Start of LISTED ENTRIES

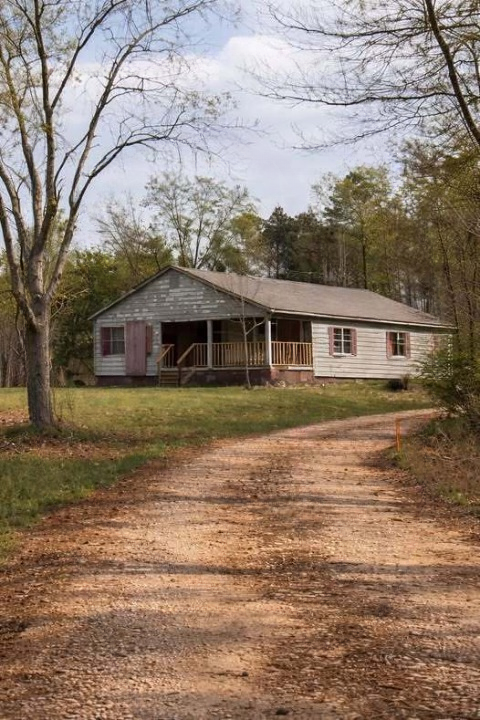 Returning Home After Ten Years: A Story About Family, Forgiveness, and Finding the Truth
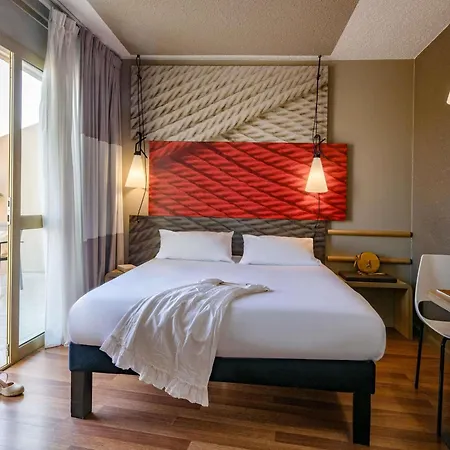 Ibis Cannes Plage La Bocca-3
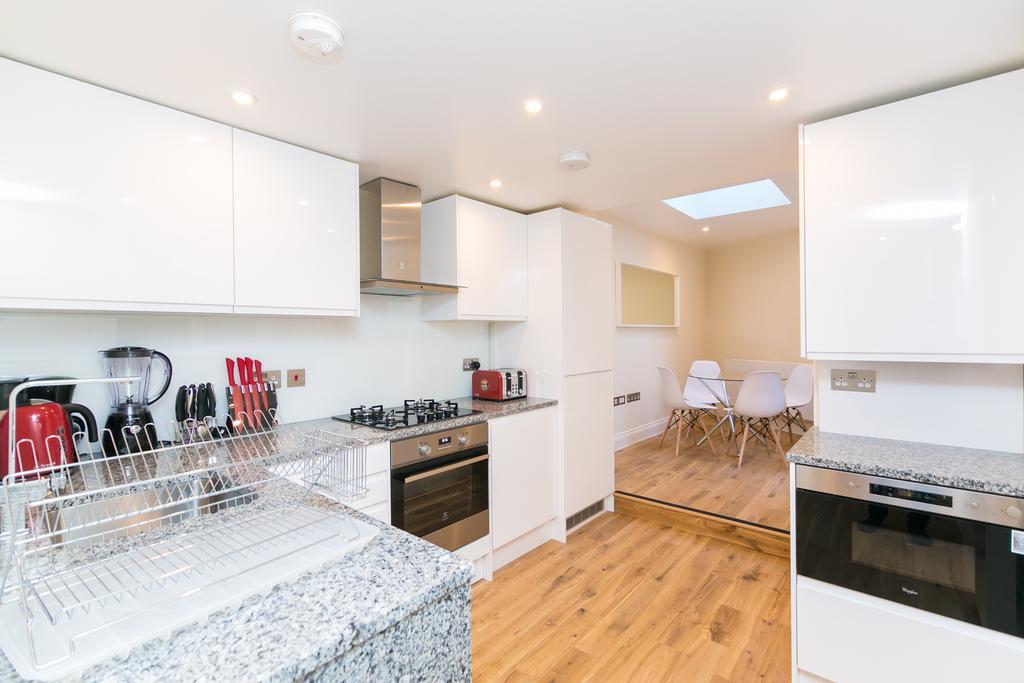 Regent Canalside Apartment *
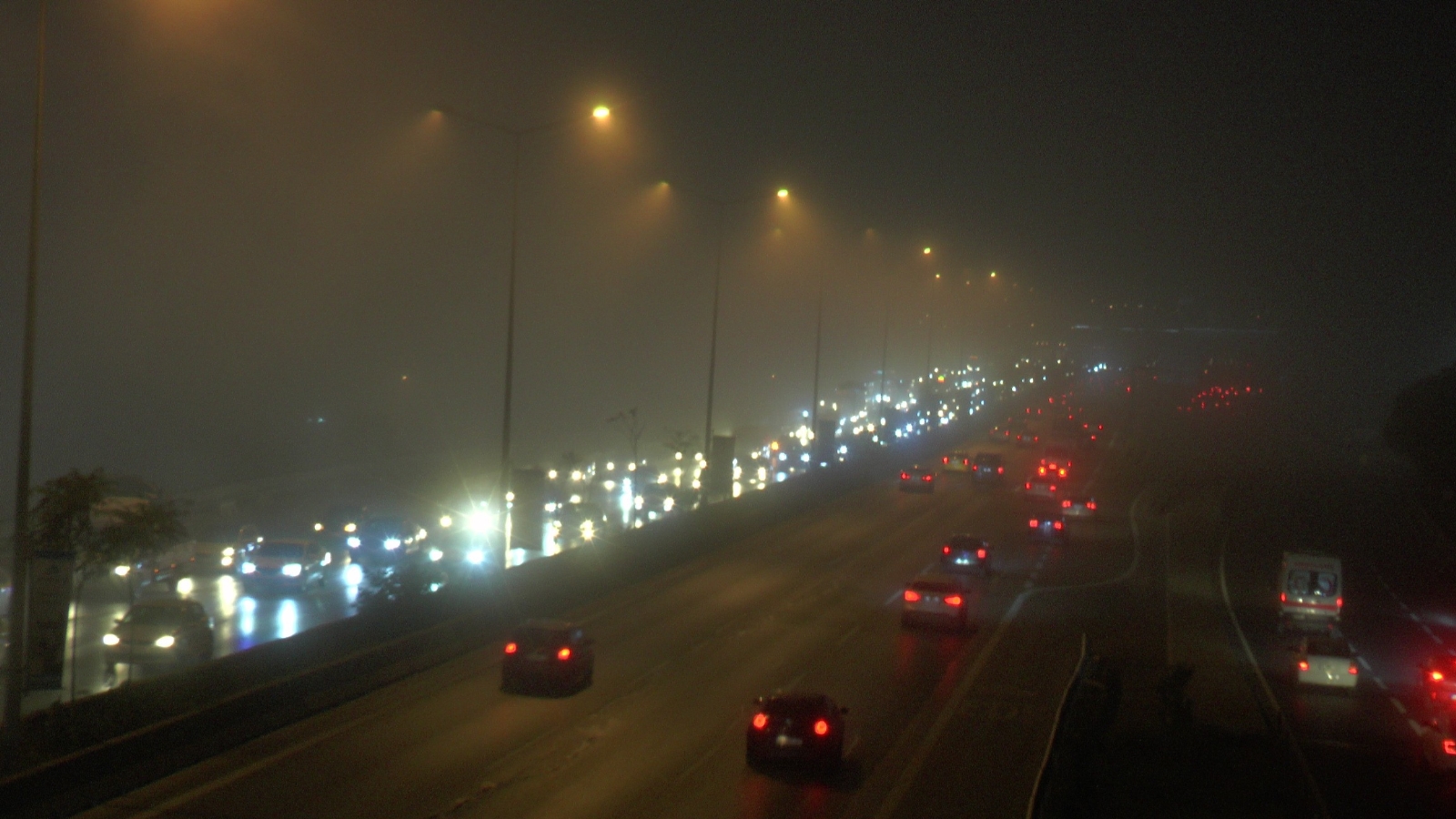İstanbul’da sis etkili oldu, Kız Kulesi kayboldu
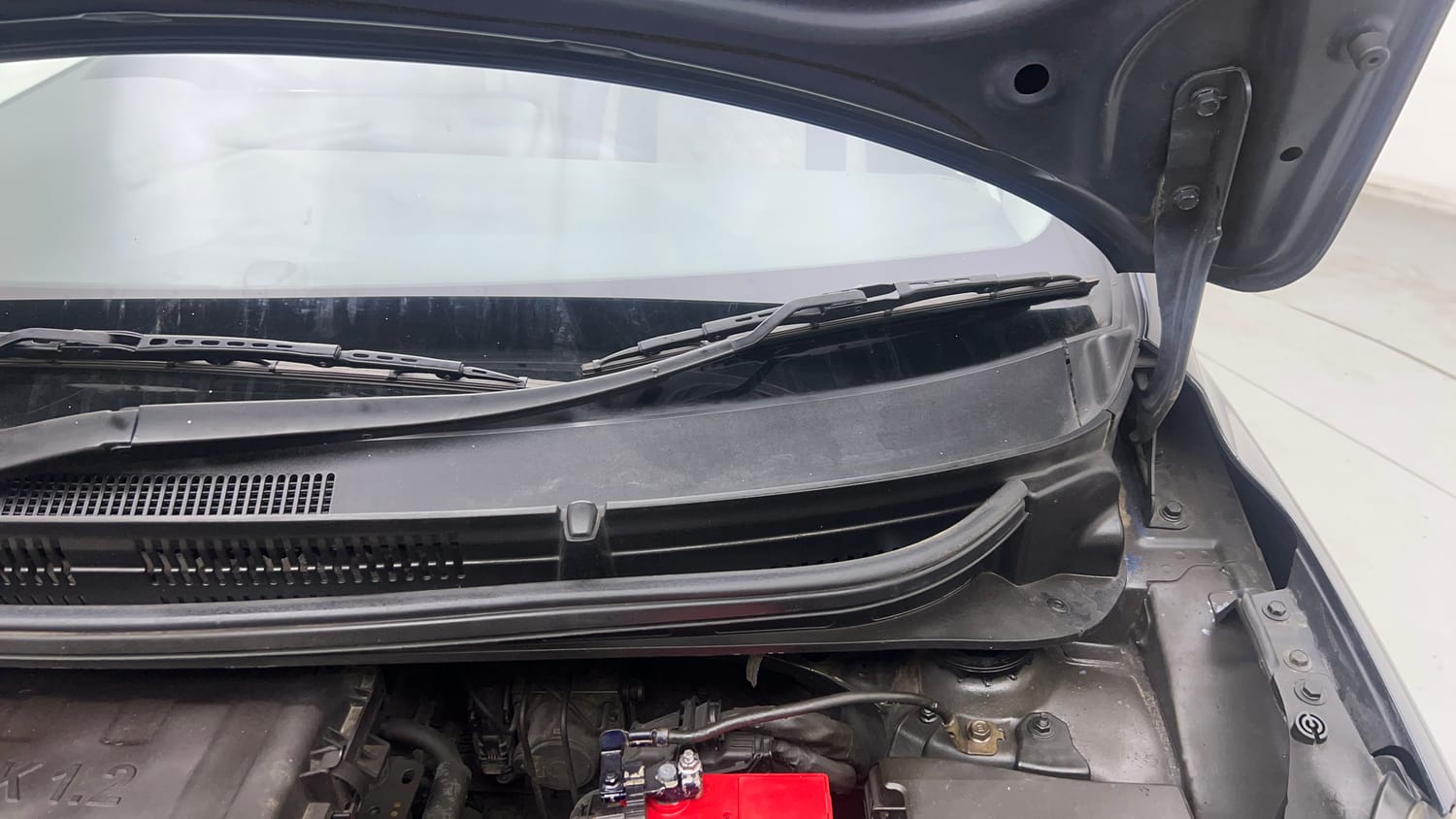 Used 2020 Hyundai Grand i10 Nios Sportz AMT 1.2 Kappa VTVT Petrol Automatic engine ENGINE LEFT SIDE HINGE & APRON VIEW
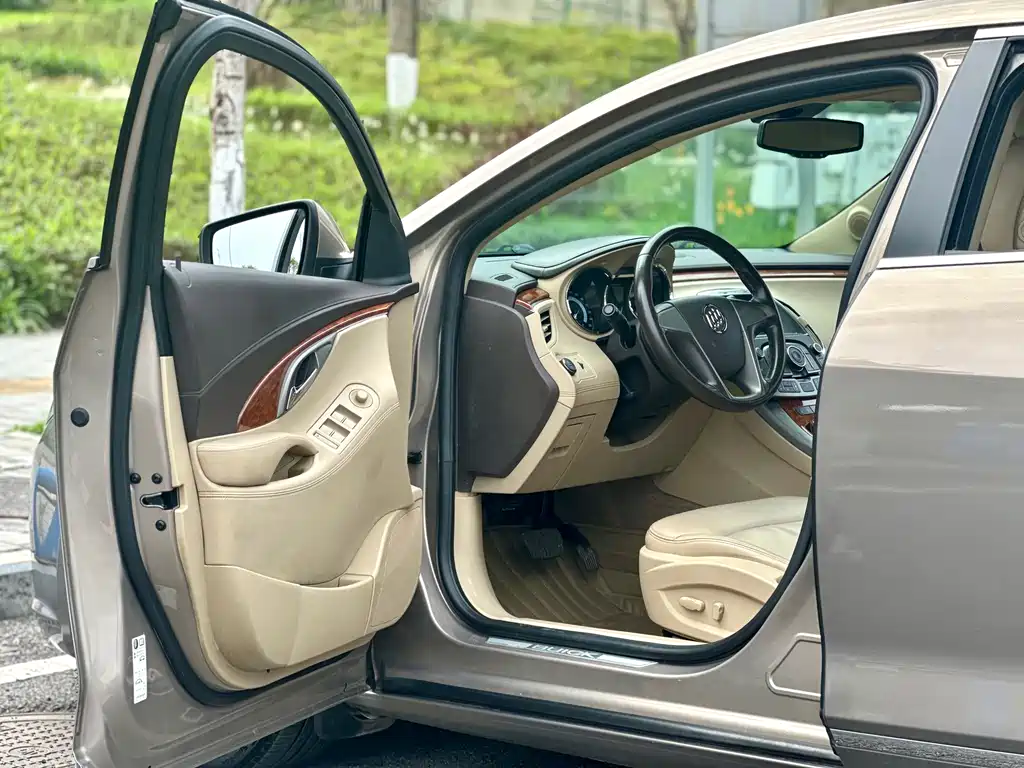 Buick LaCrosse 2013 — фото 20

End of LISTED ENTRIES

(WORK TASK): Reproduce the lines from the one with "Regent Canalside Apartment *" through the end of the data, keeping both end lines, adding nothing, and dropping any pictures.

(RESPONSE TO THIS EXERCISE):
 Regent Canalside Apartment *
İstanbul’da sis etkili oldu, Kız Kulesi kayboldu
 Used 2020 Hyundai Grand i10 Nios Sportz AMT 1.2 Kappa VTVT Petrol Automatic engine ENGINE LEFT SIDE HINGE & APRON VIEW
 Buick LaCrosse 2013 — фото 20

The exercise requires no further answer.